"Time for Outrage!" the 62nd Berlin Film Festival Returns to Its Political Roots
Gemunden, Gerd, Film Criticism
"Time for outrage!"--thus reads the English title of Stephane Hessel's short 2010 essay "Indignez-Vous!" that became the battle cry for the Occupy Movement in both Europe and the United States. It was only fitting that its author, now age 94 and a member of the French Resistance during World War II, would be present for the screening of Tony Gatlif's Indignados, a docu-fiction that seeks to illustrate Hessel's key theses by following the pursuits of a young illegal African migrant as she travels through Greece, France, and Spain during the 2011 summer of widespread protest and political unrest. Relying more on symbolic association than talking heads and their he-says/she-says argumentations, Indignados assumes the perspective of its protagonist as she registers surrounding events with a mixture of incomprehension and excitement. Gatlif uses phrases from Hessel's manifesto to illustrate the journey of Betty (Isabel Vendrell Cortes) to the heart of today's zeitgeist, forcefully linking the financial crisis of the Euro-zone countries to the problem of illegal migration.

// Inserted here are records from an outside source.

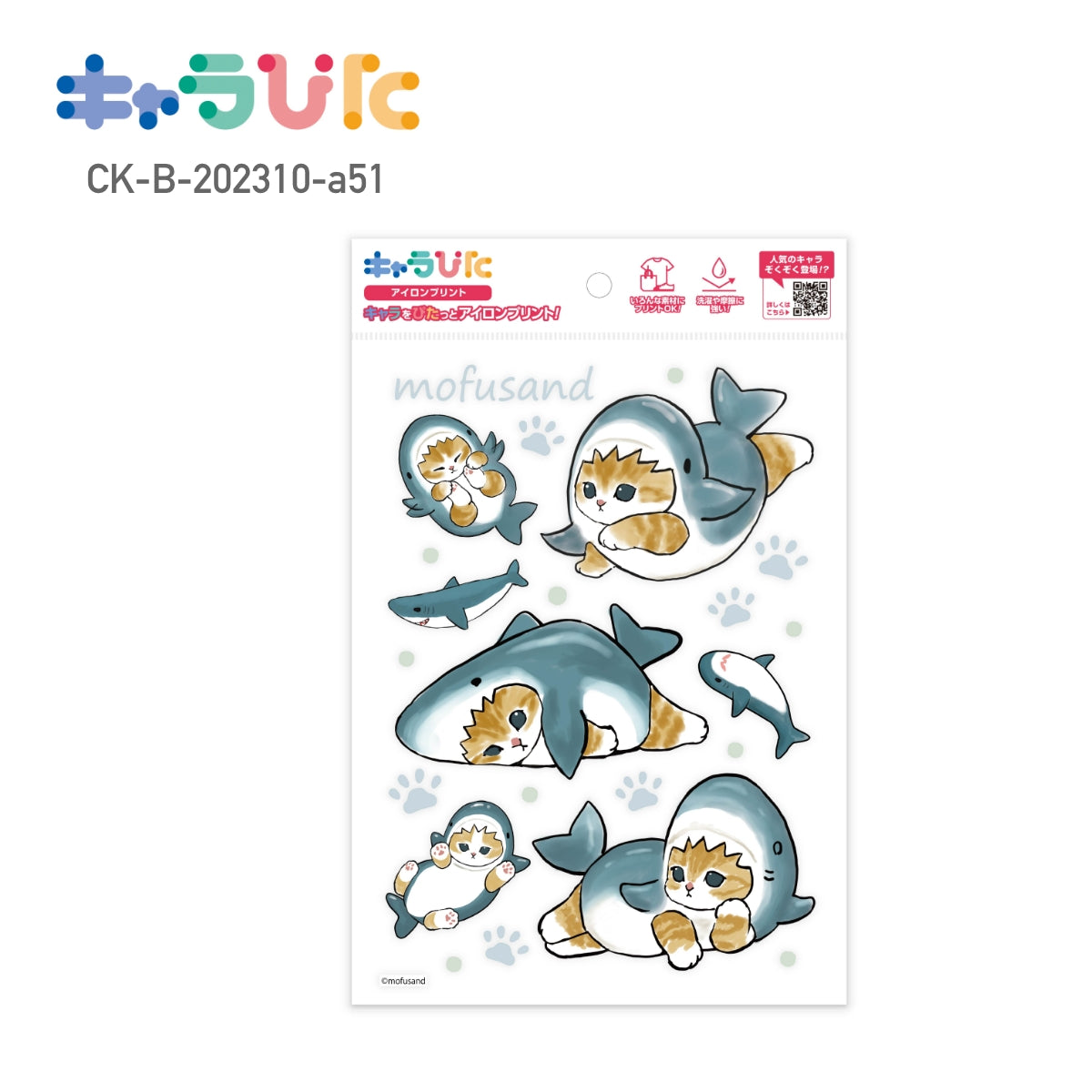 mofusandアイロンプリントシート A51 | ノベルティ(小物) | 1枚 | CK-B-202310-a51 | F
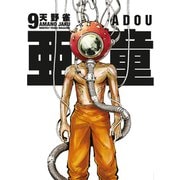 亜童（9）（講談社） [電子書籍]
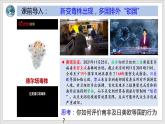 2023年部编版九年级道德与法治下册2.2 谋求互利共赢  课件（含视频）+同步练习含解析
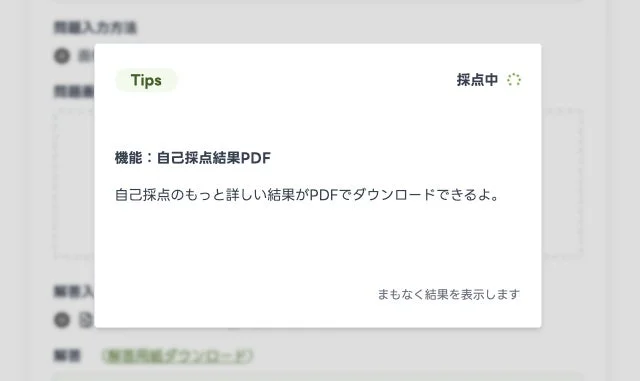 ローディングTipsの表示例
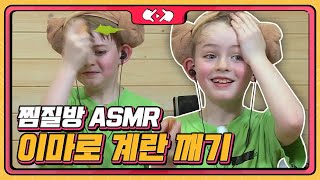 [ASMR] 대망의 맥반석 계란 깨기, 이마가 남아날 것인가?! 내 손안에 조카티비 4화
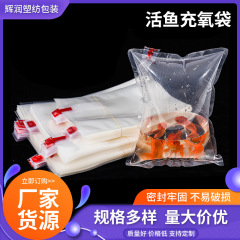 厚い活魚観賞魚包装袋水族店包装酸素袋水産活体輸送密封酸素袋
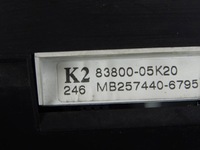 фото thumb №7, Toyota avensis iii t27 t270 2.2 дизель спідометр  83800-05k20 8380005k20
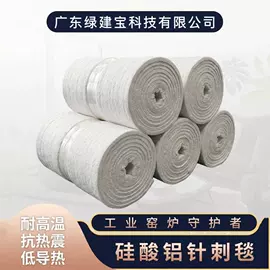 保温隔热材料;其他橡胶板;耐火防火材料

A different form of outrage is on view in Benoit Jacques' Competition entry, Les adieux a la reine/Farewell My Queen, a lavish costume drama set during the first days of the French Revolution as seen through the eyes of Sidonie (Lea Sedoux), one of the ladies-in-waiting of Marie Antoinette (Diane Kruger). Best known to U.S. audiences from Woody Allen's Midnight in Paris" (2011), where she plays a Parisian bookseller who shares Owen Wilson's passion for modern literature and prolonged walks in the rain, Sedoux here excels as a confidante of the monarch who becomes privy to the bits and pieces of information that arrive at Versailles about political turmoil in the French capital. Sidonie's worm's-eye view and state of anguished confusion is brought across vividly by a hand-held camera that shadows her closely from behind as she weaves her way through the extensive servants' quarters of the castle, only to snatch rumors about beheadings and street fights. Kruger and Virginie Ledoyen, …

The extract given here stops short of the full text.